Actually, there is something 'magic' about 50 ohms. An air-dielectric
co-axial cable has minimum loss per metre when its characteristic impedance is
76.7 ohms

I presume that the 76.7-0hm figure comes from a trade-off beween RF current and
conductor resistance. In other words, increasing the impedance value, the RF
current would become lower (for a given RF power), but the inner conductor
resistance would become higher because of the lower diameter needed to obtain
the higher impedance value (for a given outer diameter cable). And viceversa.
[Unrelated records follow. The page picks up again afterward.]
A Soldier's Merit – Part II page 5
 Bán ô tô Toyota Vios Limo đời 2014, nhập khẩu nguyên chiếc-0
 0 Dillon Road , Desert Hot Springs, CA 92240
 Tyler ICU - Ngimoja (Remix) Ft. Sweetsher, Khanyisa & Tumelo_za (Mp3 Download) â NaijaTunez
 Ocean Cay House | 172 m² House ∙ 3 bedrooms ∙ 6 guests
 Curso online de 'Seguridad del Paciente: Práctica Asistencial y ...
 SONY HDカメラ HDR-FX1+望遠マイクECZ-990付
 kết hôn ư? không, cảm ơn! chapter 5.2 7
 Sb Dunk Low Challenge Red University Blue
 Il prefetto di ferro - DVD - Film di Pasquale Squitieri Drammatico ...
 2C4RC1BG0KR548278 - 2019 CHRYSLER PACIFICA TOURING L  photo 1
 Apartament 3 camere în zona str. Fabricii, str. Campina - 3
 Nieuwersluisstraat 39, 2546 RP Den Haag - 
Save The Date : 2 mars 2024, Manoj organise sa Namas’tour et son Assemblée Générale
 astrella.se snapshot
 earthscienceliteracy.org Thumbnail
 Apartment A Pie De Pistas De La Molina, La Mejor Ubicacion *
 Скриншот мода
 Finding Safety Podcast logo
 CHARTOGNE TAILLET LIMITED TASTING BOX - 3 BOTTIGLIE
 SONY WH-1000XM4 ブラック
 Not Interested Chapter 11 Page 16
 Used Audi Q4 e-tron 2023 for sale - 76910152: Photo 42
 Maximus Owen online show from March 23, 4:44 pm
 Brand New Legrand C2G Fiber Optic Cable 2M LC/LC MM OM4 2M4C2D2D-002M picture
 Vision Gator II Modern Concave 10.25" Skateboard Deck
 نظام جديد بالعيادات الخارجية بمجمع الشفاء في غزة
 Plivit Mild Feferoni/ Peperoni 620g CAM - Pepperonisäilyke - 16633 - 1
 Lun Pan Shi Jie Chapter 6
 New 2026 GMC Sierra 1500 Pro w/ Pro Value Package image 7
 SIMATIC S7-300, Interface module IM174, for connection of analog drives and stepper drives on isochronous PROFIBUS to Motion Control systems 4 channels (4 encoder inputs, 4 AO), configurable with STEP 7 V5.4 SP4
and the relative permittivity of polythene is 2.26 so a polythene-dielectric
co-axial cable has lowest loss when its characteristic impedance is
76.7/SQRT(2.26) = 51 ohms, which is most often rounded down to 50.

Under the assumption that dielectric loss is negligible, a permittivity 2.26
time higher than that of air results in a lower inner conductor diameter, for a
given outer diameter cable and a given impedance. Probably, lowering impedance
from 75 to about 50 ohm, the loss advantage one experiences thanks to the higher
inner conductor diameter needed for the lower impedance value is higher than the
loss disadvantage caused by the higher RF current (for a given RF power).

Maximum power handling, for a polythene-dielectric cable, occurs at a much
lower impedance: 30/SQRT(2.26) = 20 ohms.

I do not succeed to understand that statement. Maximum power handling is bound
to maximum temperature which is in turn bound to dissipated power. If 50 ohm is
the impedance at which minimum loss occurs (for a given RF power), why lowering
impedance to 20 ohm should result in a loss reduction. In the equation
30/SQRT(2.26) = 20 ohms, which is meaning of the figure 30?

I wonder whether you could indicate us a reference where all those trade-offs
are mathematically discussed.

73

Tony I0JX